From: Steve Dunham <dunhamsteve_at_gmail.com>
Date: Fri, 27 Jan 2006 09:18:24 -0800

On 1/27/06, Eric Miller <em_at_w3.org> wrote:
> The HTML pages harvested using an Open Worldcat scraper [1] changed and as a
> consequence the scraper broke. To be clear, the scraper when evoked didn't
> stop working per se, but rather it didn't glean all of the relevant RDF that
> it did originally.
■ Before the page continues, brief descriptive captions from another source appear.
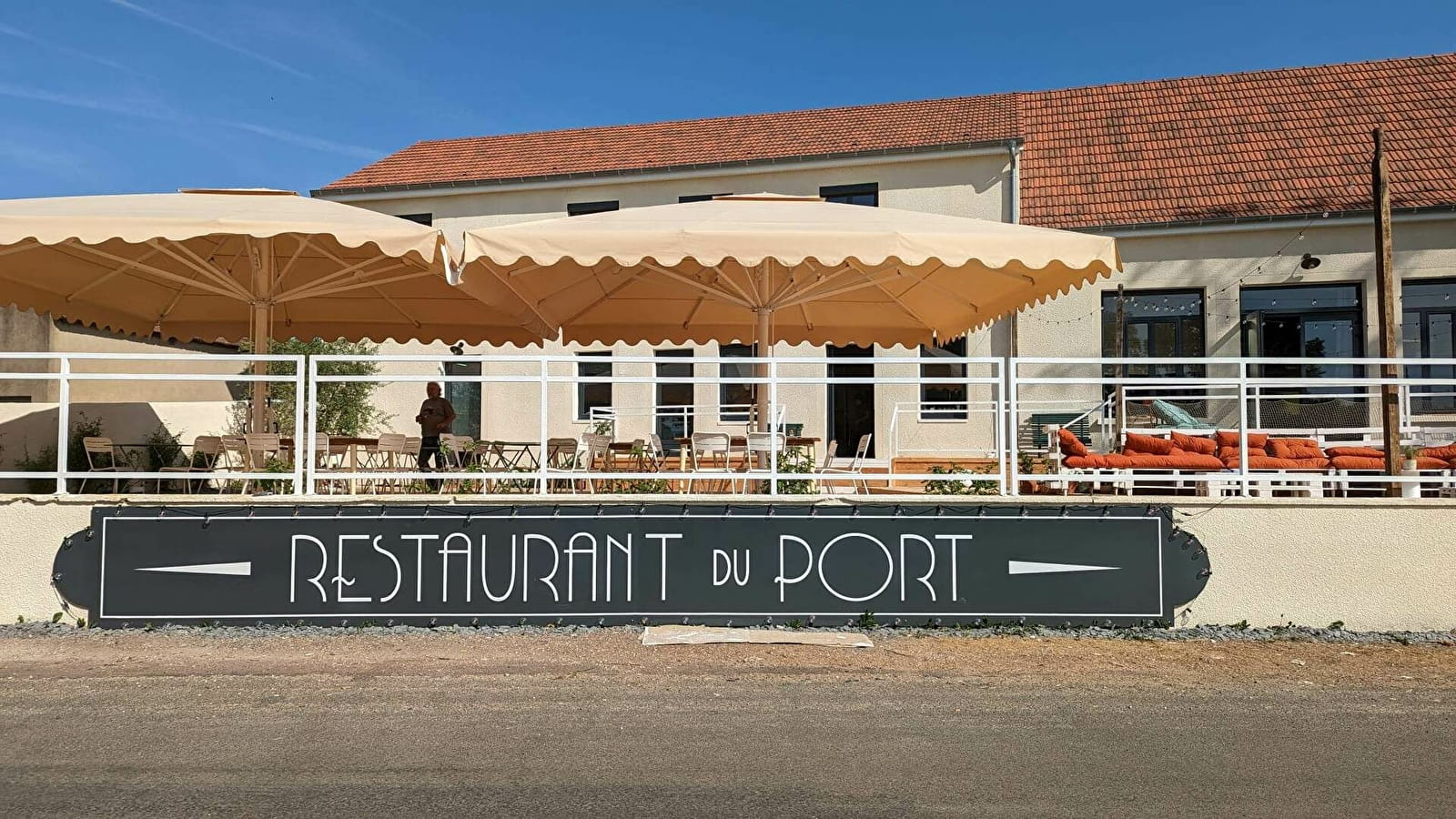 Restaurant du port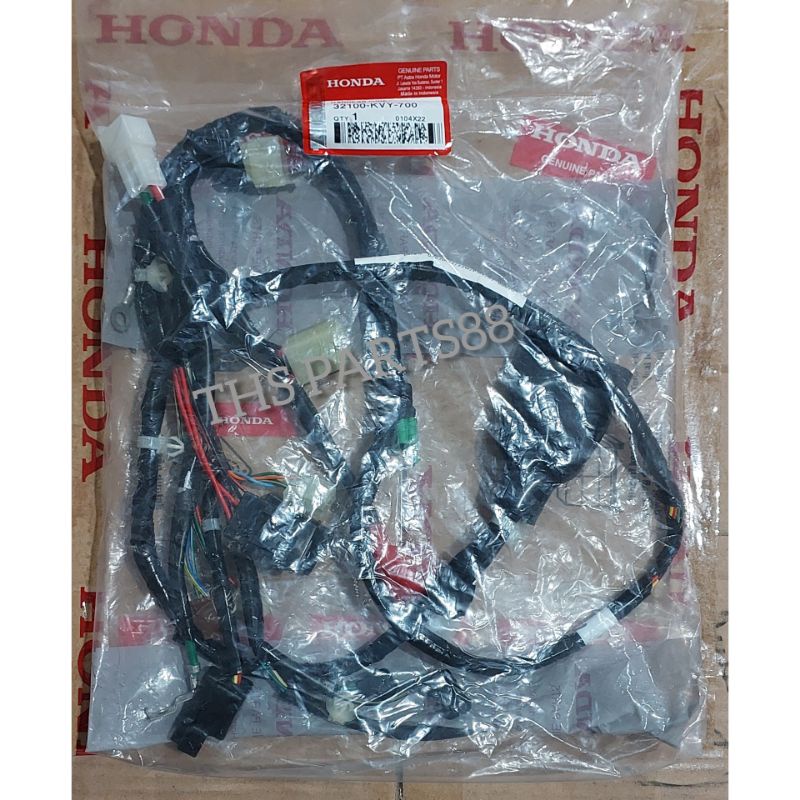 Kabel Body Beat Karbu....ORI Honda AHM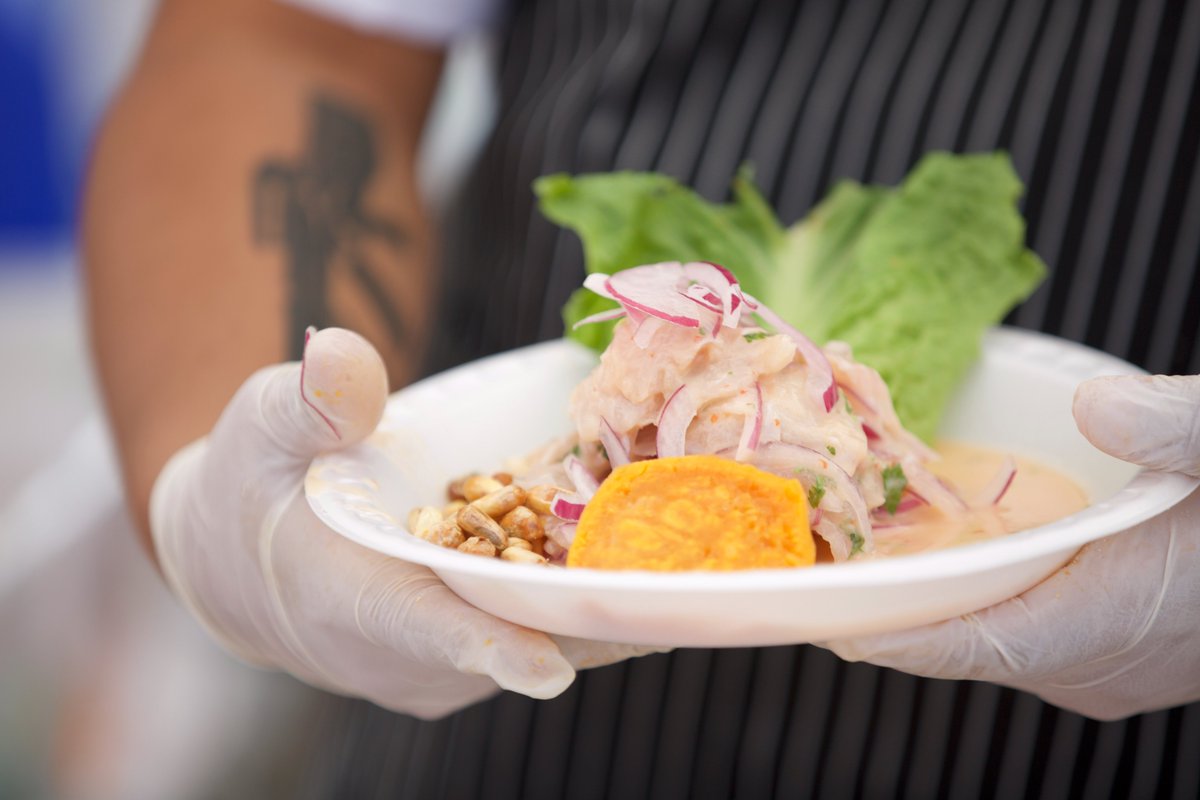 sumaqpff's tweet photo. Coming this weekend Aug. 27 &amp; 28 to the @CradleAviation the largest #Peruvian #FoodFestival in NY! Local food vendors &amp; directly from Peru, musical entertainment, cooking demos by top chefs and much more! Get your tickets today! https://t.co/gbvuGWRaVK https://t.co/jPhSOscjQO
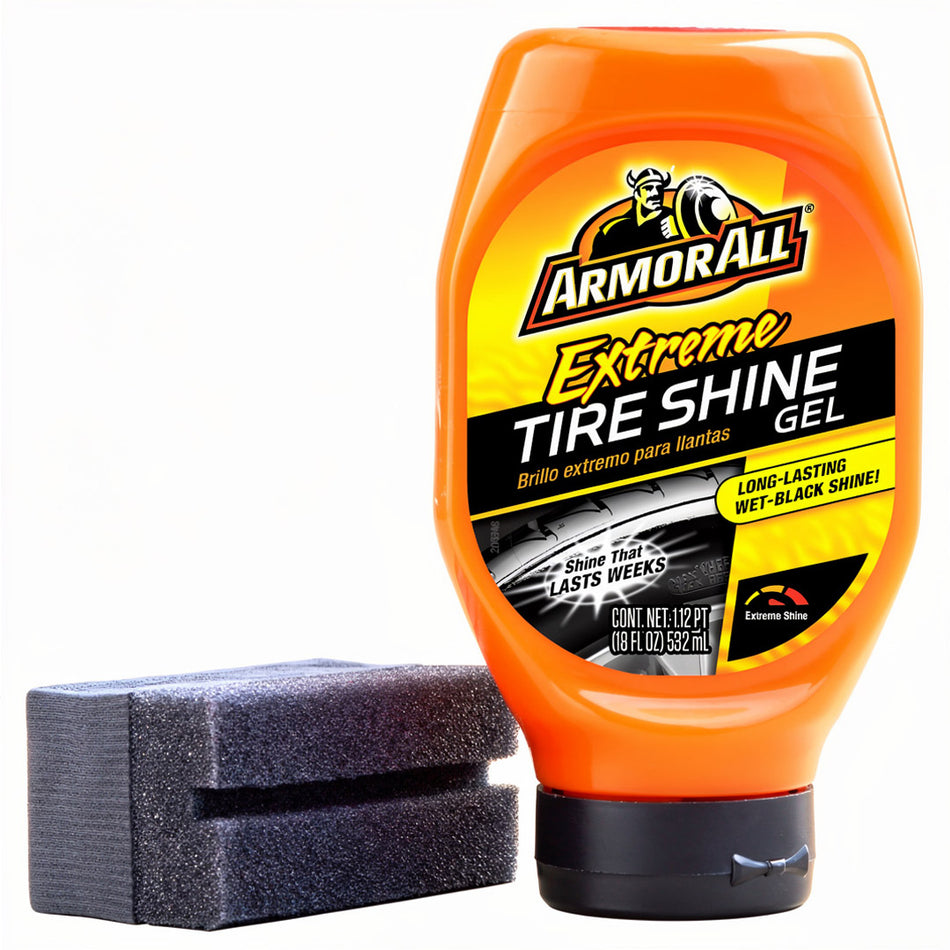 Armor All Extreme Tire Shine Gel 532Ml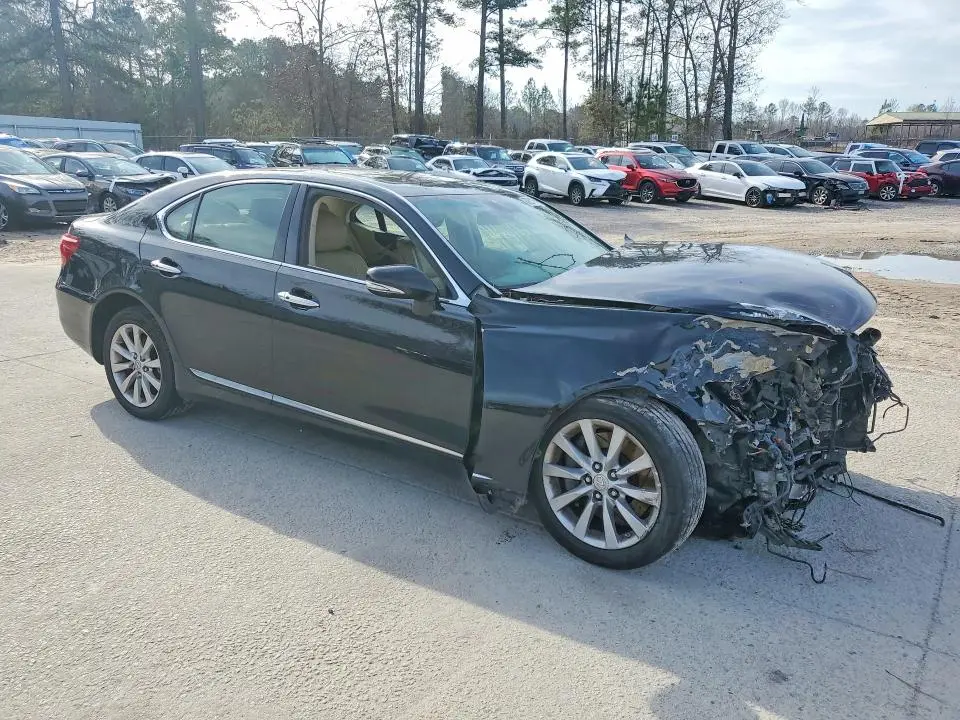 2010 LEXUS LS 460  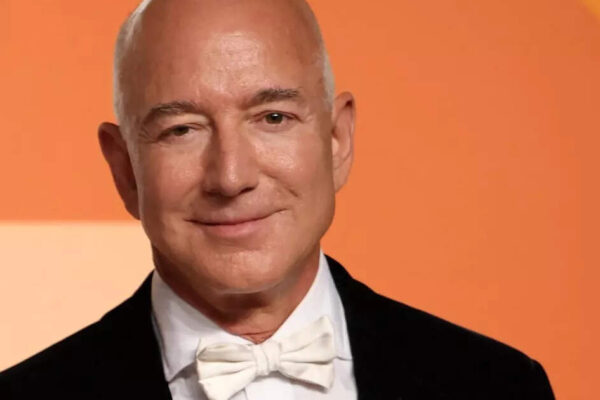 Jeff Bezos sells $1.5 billion in Amazon shares: Here's how much he still owns
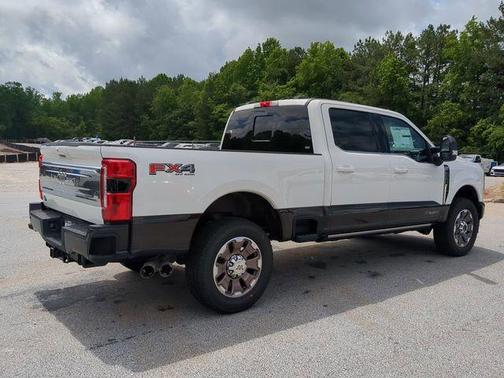 2025 Ford F-250 King Ranch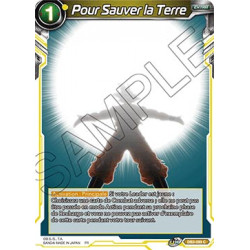 DB3-099 Pour Sauver la Terre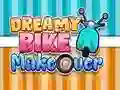 Dreamy Bike Makeover — δωρεάν online παιχνίδι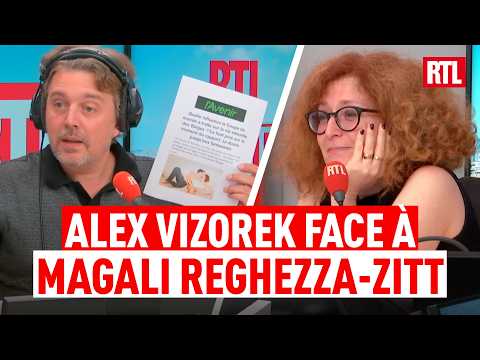 Alex Vizorek vs. Magali Reghezza-Zitt 🤣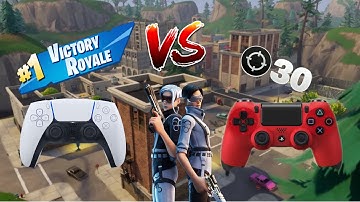 PS5 Controller VS. PS4 Controller 🎮 (Reload)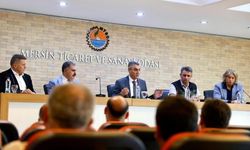 Yangına Karşı Teknoloji ve Farkındalık Harekete Geçti: Mersin’de Kritik Toplantı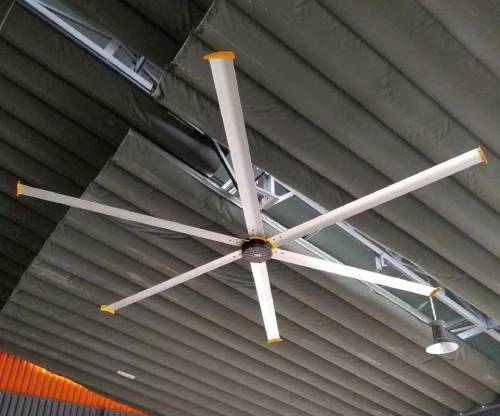 Thi Công Quạt Trần Công Nghiệp Giá Rẻ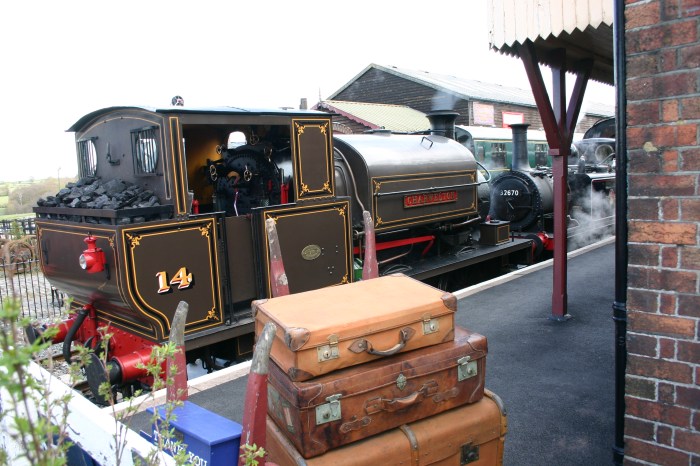 Tenterden Town - 14 Charwelton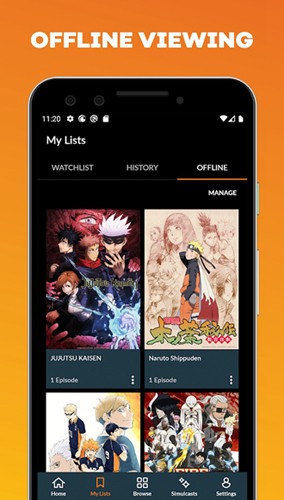 Crunchyroll官方版1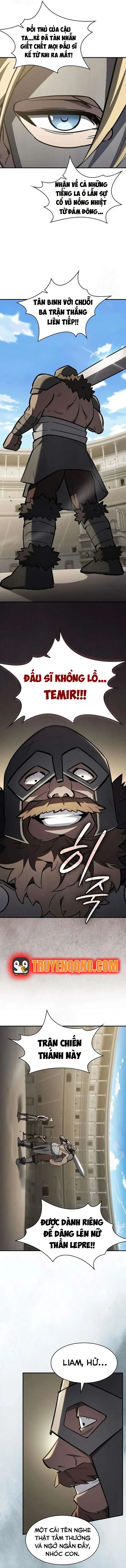 Kiếm Sư Nuốt Kiếm Chap 14 - Next Chap 13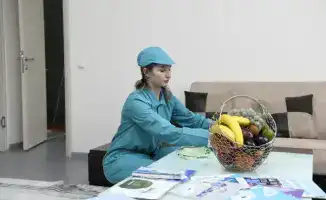 В Астане студенты колледжа боролись за звание «Лучшего уборщика-2025» в битве за чистоту и престиж профессии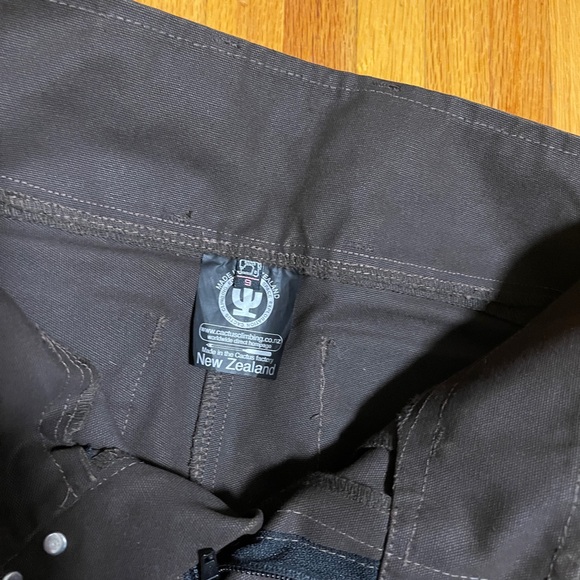 Cactus women’s Dark Brown Pants - Picture 6 of 7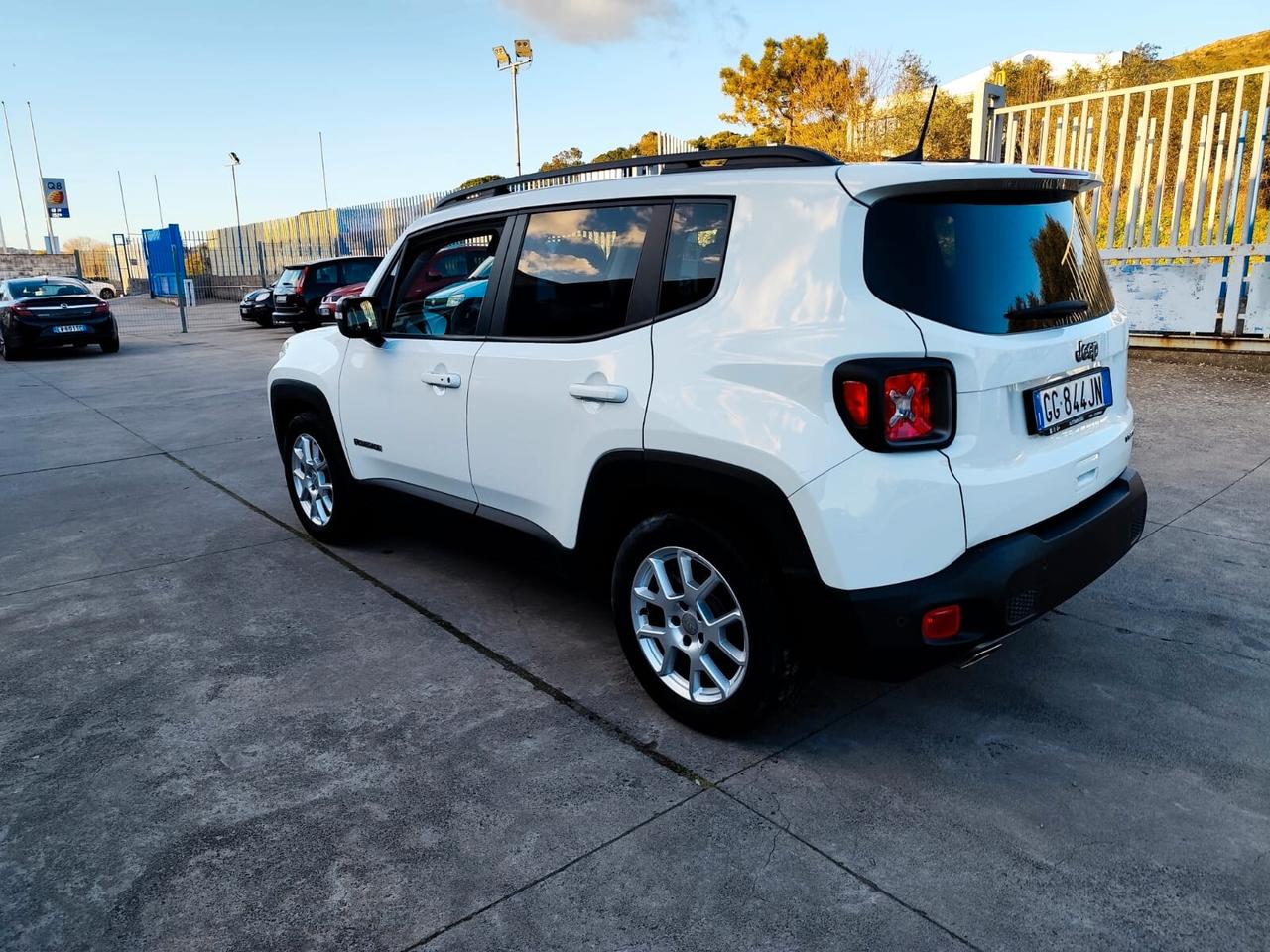 Jeep Renegade 1.6 Mjt 130 CV Limited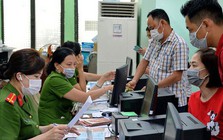 Thông tin quan trọng về đăng ký thường trú, cấp thẻ căn cước vừa chính thức được áp dụng
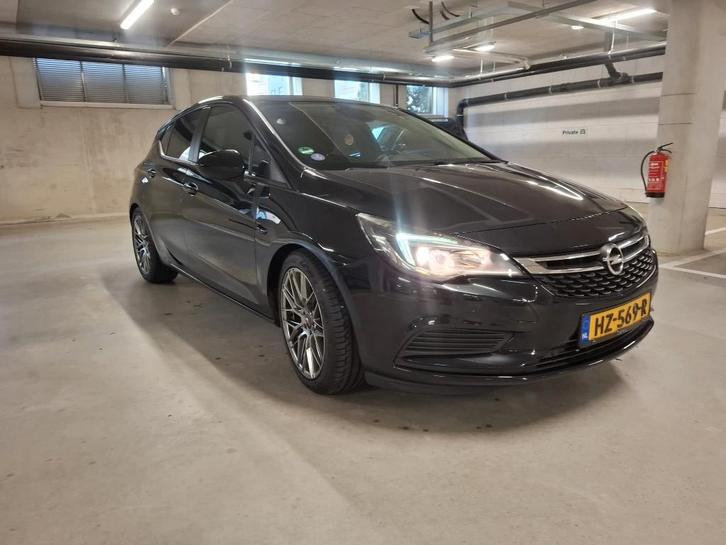 Opel Astra 1.0T | Dealer | VELGEN | 5D | 2016 | 110k NAP, Auto's, Opel, Particulier, Astra, ABS, Airbags, Airconditioning, Alarm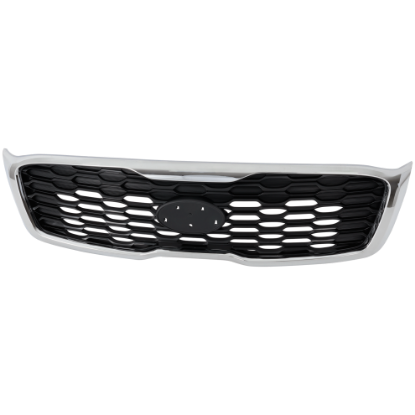 Picture of Grille Assembly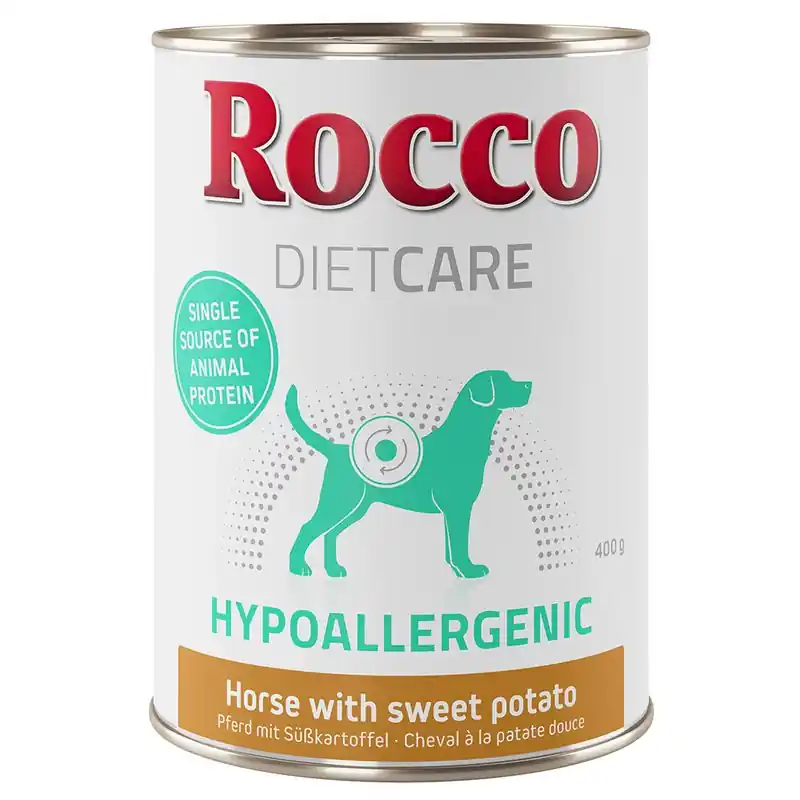 Rocco Diet Care Hypoallergen ló 400 g Rendeld meg most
I've updated the scraper accordingly, but its unclear to
> me the best way to propagate these changes to others who might be using the
> scraper.
>
> I can think of several possible options all of which have various pros /
> cons
>
> 1) do nothing ... if folks realize its broken they'll look for an update
> 2) real time auto-update ... every time scraper is invoked it checks to see
> if a new version is available
> 3) periodically update ... check for updates nightly, monthly, etc. and then
> offers the user some sort of notification to update
>
> I'm inclined to suggest 3, but curious as to others thoughts who might have
> been able to spend more time thinking about this than I have :)

Two variants on the above:
 a) Check to see if there is a new version on invocation, if it hasn't
checked after X amount of time. (No use bothering the user until the
scraper is invoked.)
 b) keep an MD5 of the user-approved javascript, but load it from the
source (through the browser's cache) every time the scraper is
invoked. Prompt the user if it's changed.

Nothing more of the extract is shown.